What you should do
Only the lines from the beginning of the data through the line holding "Karanlıkları parçalayan şafak…" belong in the answer, printed exactly and without pictures.

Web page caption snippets
---
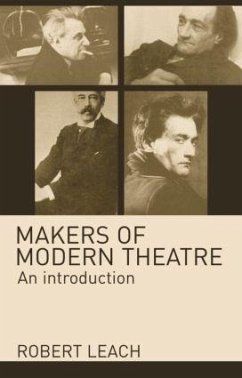 Makers of Modern Theatre - Leach, Robert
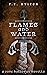 Flames and Water (Zane Hall...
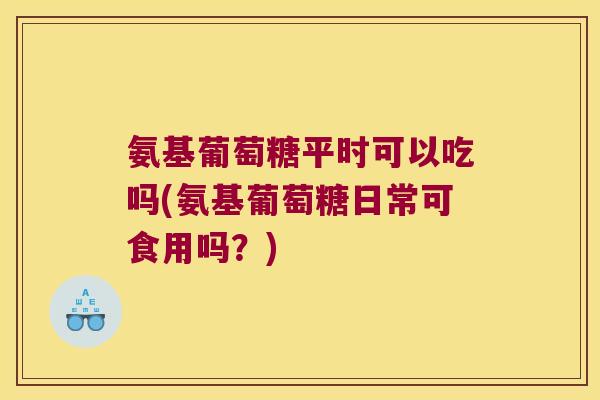 氨基葡萄糖平时可以吃吗(氨基葡萄糖日常可食用吗？)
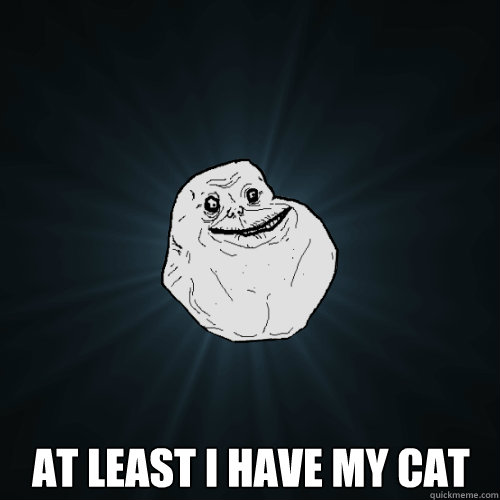  at least i have my cat  Forever Alone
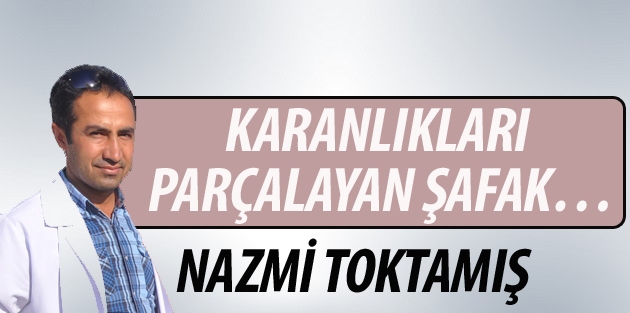Karanlıkları parçalayan şafak…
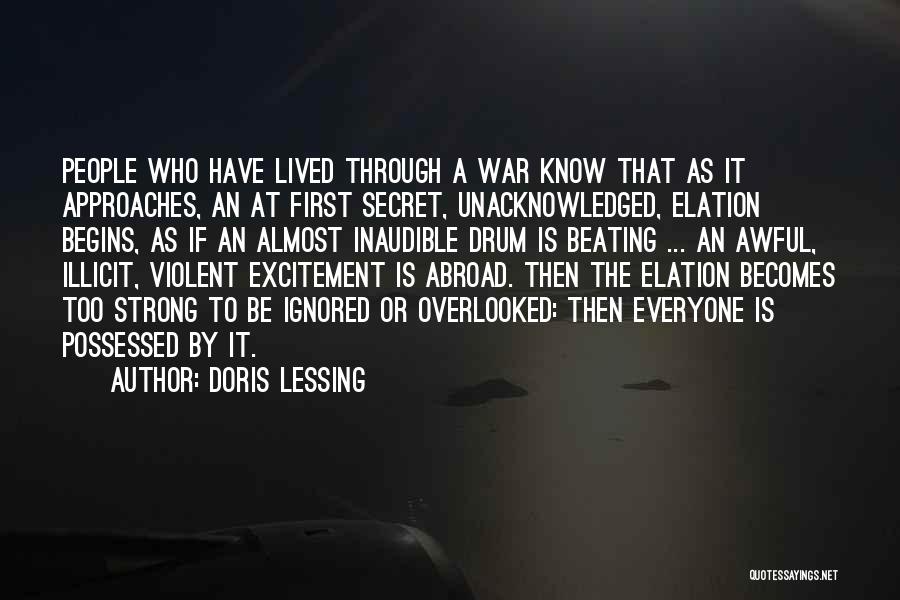 Doris Lessing Quotes: People Who Have Lived Through A War Know That As It Approaches, An At First Secret, Unacknowledged, Elation Begins, As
---
Solution to this task
 Makers of Modern Theatre - Leach, Robert
 Flames and Water (Zane Hall...
 氨基葡萄糖平时可以吃吗(氨基葡萄糖日常可食用吗？)
  at least i have my cat  Forever Alone
Karanlıkları parçalayan şafak…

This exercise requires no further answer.